Polski kluby zaliczyły dość kiepskie wyniki w czwartkowych meczach eliminacyjnych. Swoje spotkanie wygrała tylko Jagiellonia Białystok. A jak poszło potencjalnym rywalom polskich ekip w następnych rundach?

Nasz wieczór rozpoczął się w najgorszy możliwy sposób. Legia Warszawa niespodziewanie przegrała w Larnace z AEK-iem aż 1:4. Żeby zagrać w czwartej rundzie eliminacji Ligi Europy będzie musiała odrobić trzybramkową stratę.
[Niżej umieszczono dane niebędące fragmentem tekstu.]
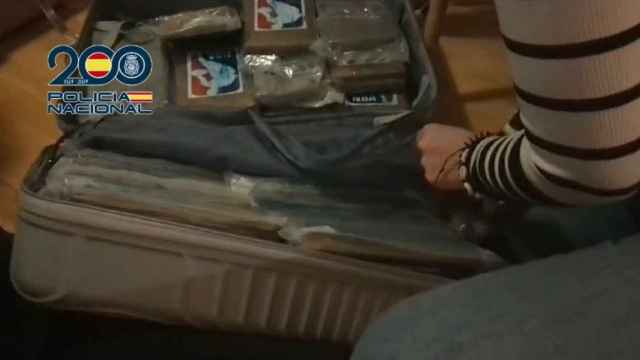 Imágenes de la cocaína oculta en maletas que entraban por Barajas.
Liga Konferencji. Niespodziewana porażka Partizana Belgrad
Potencjalnym rywalem Legii w tej rundzie jest wygrany dwumeczu Hacken – Brann. Po pierwszej części rywalizacji bliżej powodzenia jest Brann, które wygrało w Szwecji 2:0 po dwóch golach Saevara Atliego Magnussona.
Jeśli jednak Legia nie odrobi straty z Larnaki, „spadnie” do eliminacji Ligi Konferencji. Tam jej potencjalnym rywalem ma być Partizan Belgrad lub Hibernian. Niespodziewanie pierwsze spotkanie zakończyło się wygraną Szkotów 2:0 (obie bramki zdobył Martin Boyle).
Z kolei Jagiellonia, która wygrała 1:0 z Silkeborgiem, w czwartej rundzie eliminacji LK może zmierzyć się albo z Hajdukiem Split, albo z Dinamem Tirana. W czwartkowym meczu to Albańczycy zaskakująco objęli prowadzenie, lecz Hajduk zdołał ostatecznie wygrać 2:1.
Nam niemiłą niespodziankę sprawił w Częstochowie Raków, przegrywając 0:1 z Maccabi Hajfa. Wygrany tego meczu zagra ze zwycięzcą pary Żalgiris Kowno – Arda Kyrdżali. Bułgarski zespół na wyjeździe wygrał pierwszy mecz 1:0.